Eliminating, or at least reducing, the inefficiencies in the current billing system could save millions of dollars and time, freeing physicians to care for patients rather than worrying about getting paid by insurers. That could result in lower health insurance premiums and improve the quality of care doctors deliver, Dr. Dolan said.
"The current system is unacceptable," he said. "The health care system can no longer afford the cost of the current claims processing."
The National Health Insurer Report Card was based on data culled from 5 million claims billed electronically to Medicare and seven commercial health plans: Aetna, Humana, Cigna, WellPoint-owned Anthem Blue Cross Blue Shield, Coventry Health Care, Health Net, and UnitedHealth Group-owned UnitedHealthcare.
The AMA's analysis revealed that it is possible to reduce drastically or virtually eliminate the problems endemic in the health plans' claims-payment systems, because Medicare has done it in most cases, said Mark Rieger, CEO of National Healthcare Exchange Services, a physicians' claims service firm that provided the claims database for the report card project.
Improving claims processing
Cigna spokesman Joe Mondy said that the health plan disagreed with the way it was measured in some areas. For instance, it scored poorly for not listing the date a claim was received on one form when the date actually is disclosed on a different form. But, he said, the company shares the goal of improving the claims-processing system.
"There are some challenges, but it's the first year of the study, and hopefully we'll be able to work with the AMA in refining the methods so it's more meaningful in the future," he said.
A spokeswoman for UnitedHealthcare, Cheryl Randolph, said the health insurance giant was proud to have done well under some measures in the scorecard, including having a low rate of denials and being third best for payment timeliness.
"While we fully accept our accountability in terms of ensuring claims are paid accurately and on time, we believe that physicians and their billing services also share in that responsibility and have opportunities to facilitate their performance," she wrote in a statement. "In order for claims to be processed as efficiently and promptly as possible, both insurers and physicians need to strive for accuracy and timeliness. For example, data show there is often a significant lag time between when services are provided and physician claims are submitted."
Peter V. Lee, executive director for national health policy for the Pacific Business Group on Health, asked doctors to take responsibility for health care costs by holding down their own costs. The group is a nonprofit consortium of business leaders advocating for transparency in health care pricing and accurate, useful quality information for patients.
Lee said business leaders are beginning to understand how critical it is for doctors and other health professionals to be paid correctly and quickly, and are demanding it of health plans.
"That doesn't mean paying claims blindly," he added.

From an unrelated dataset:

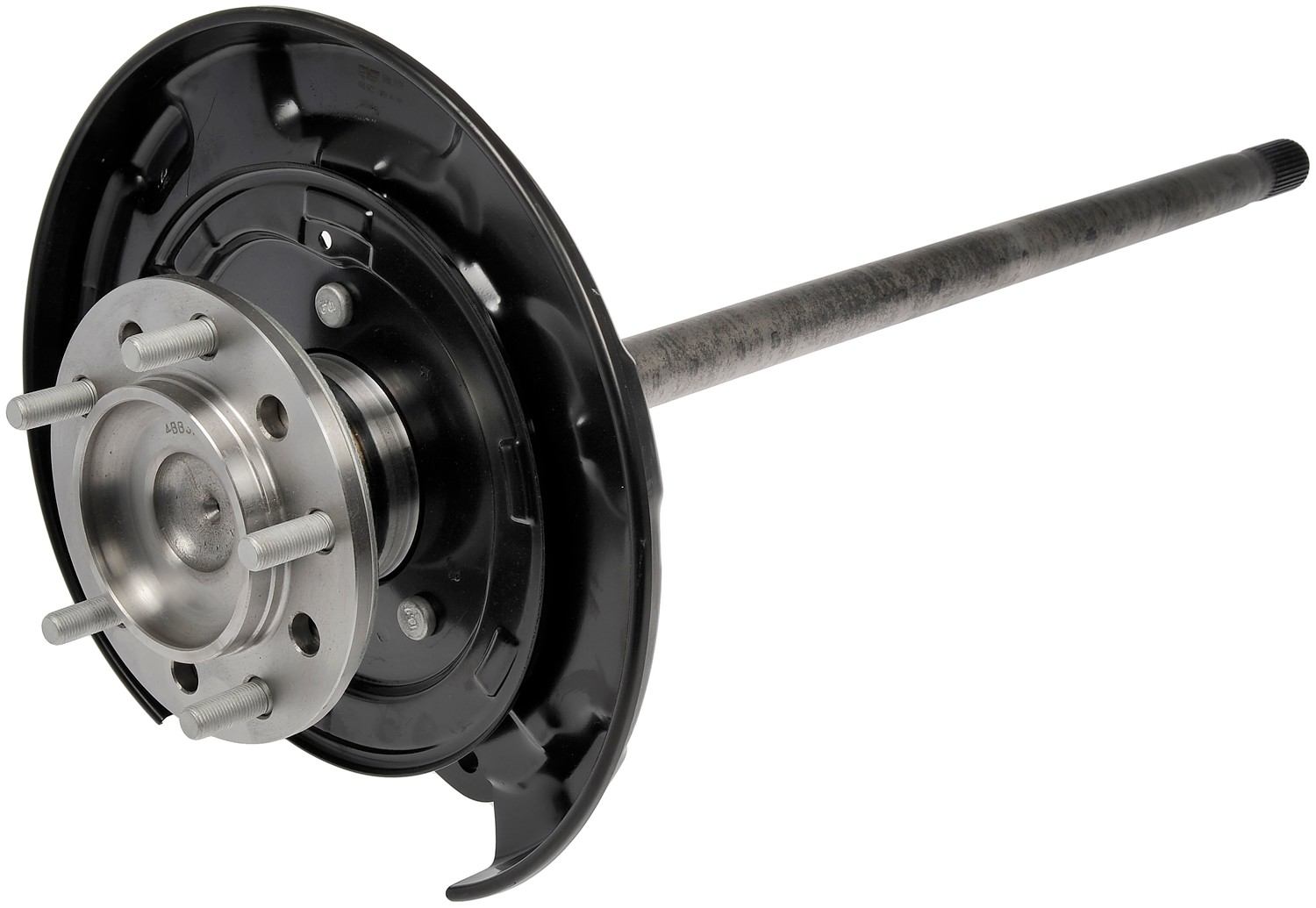 Dorman - OE Solutions PRE-PRESSED REAR AXLE 926-144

Marcy Zwelling, MD, a primary care physician from Los Alamitos, Calif., and a delegate for the California Medical Assn., said the AMA's campaign isn't the only answer to physicians' frustrations over billing, claims and reimbursement.

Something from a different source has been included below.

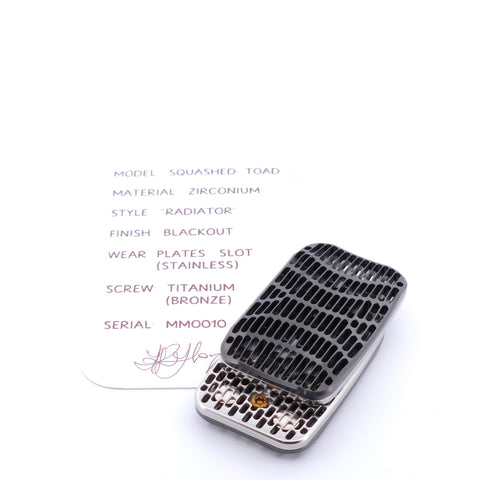 MagLab™ Custom Slider: MMO010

She said she has gone to a cash-based practice and no longer deals with insurance companies. She encouraged doctors who could afford it to make the same leap.
"It took a lot of courage for me to say no," she said. "But it's better [now]."
Former family physician and University of Chicago researcher Lawrence Casalino, MD, PhD, is working on a project similar to the AMA's report card. He said anonymous interviews with health plan executives for his research revealed that the people running claims-payment systems know they don't work well, and those systems could be improved if one company would take the first step.
"I don't think there's any disagreement that there's opportunity for improvement in the system," he said.
Dr. Casalino remembered the relentless frustration he and the other doctors in his group felt trying to be paid on time and accurately for their work.
"For 20 years I would go home with the uneasy feeling that I was leaving money on the table."